Em 2021, a diabetes foi responsável por 6,7 milhões de mortes em termos globais e por 1,1 milhão só na Europa. Além disso, 541 milhões de adultos, em todo o mundo, apresentam intolerância à glicose, o que os coloca em alto risco de diabetes tipo 2.

 

[i] Lian XF, Lu DH, Liu HL, Liu YJ, Han XQ, Yang Y, Lin Y, Zeng QX, Huang ZJ, Xie F, Huang CH, Wu HM, Long AM, Deng LP, Zhang F. Effectiveness and safety of human umbilical cord-mesenchymal stem cells for treating type 2 diabetes mellitus. World J Diabetes. 2022 Oct 15;13(10):877-887. doi: 10.4239/wjd.v13.i10.877. PMID: 36312002; PMCID: PMC9606793.

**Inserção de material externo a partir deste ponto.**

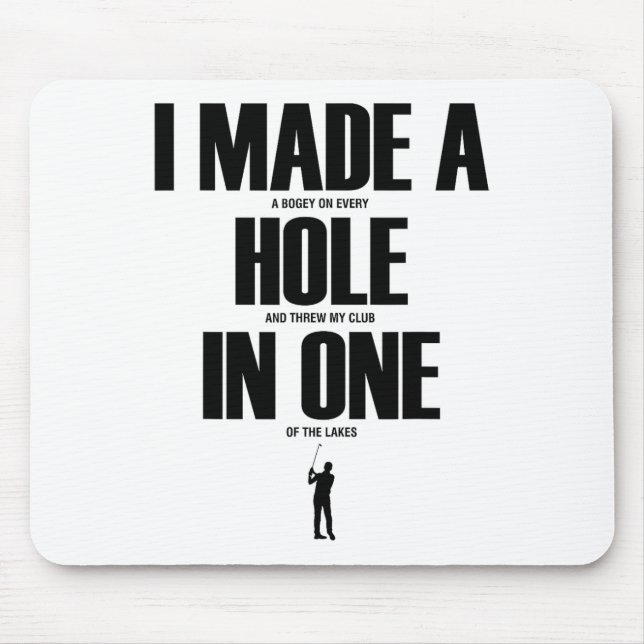Tapis De Souris I Made A Hole In One Funny Golf Shirt Golf Gift  (Devant)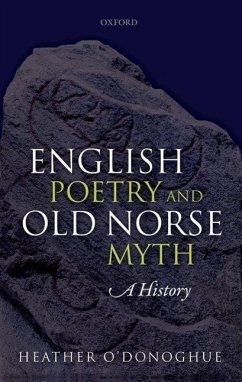 English Poetry and Old Norse Myth: A History - O'Donoghue, Heather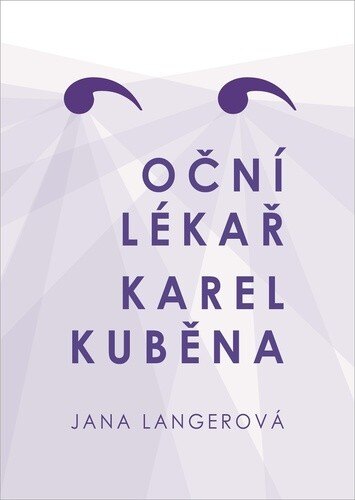 Obálka knihy Oční lékař Karel Kuběna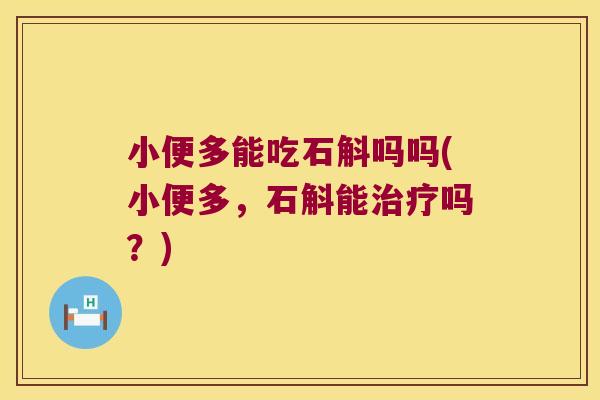 小便多能吃石斛吗吗(小便多，石斛能治疗吗？)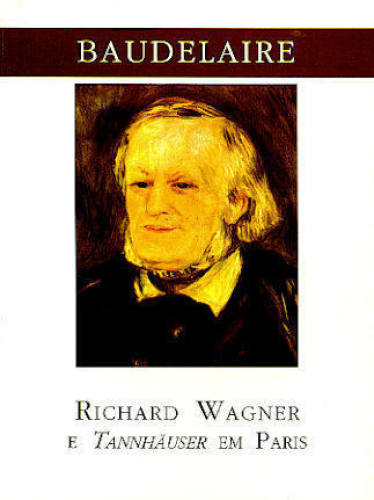 RICHARD WAGNER E TANNHÄUSER EM PARIS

[ii] Gomes A, Coelho P, Soares R, Costa R. Human umbilical cord mesenchymal stem cells in type 2 diabetes mellitus: the emerging therapeutic approach. Cell Tissue Res. 2021 Sep;385(3):497-518. doi: 10.1007/s00441-021-03461-4. Epub 2021 May 29. PMID: 34050823.

[iii] SPEDM. A doença que afeta um milhão de pessoas em portugal mas que 30% não sabe que a tem. Disponível em: https://www.spedm.pt/spedm/a-doenca-que-afeta-um-milhao-de-pessoas-em-portugal-mas-que-30-nao-sabe-que-a-tem/ [acedido em novembro de 2022].

[iv] SPMI. Pandemia agravou número de diabéticos não diagnosticados. Disponível em: https://www.spmi.pt/pandemia-agravou-numero-de-diabeticos-nao-diagnosticados/ [acedido em novembro de 2022].

[v] IDF Diabetes Atlas, 10th edition, International Diabetes Federation, 2021.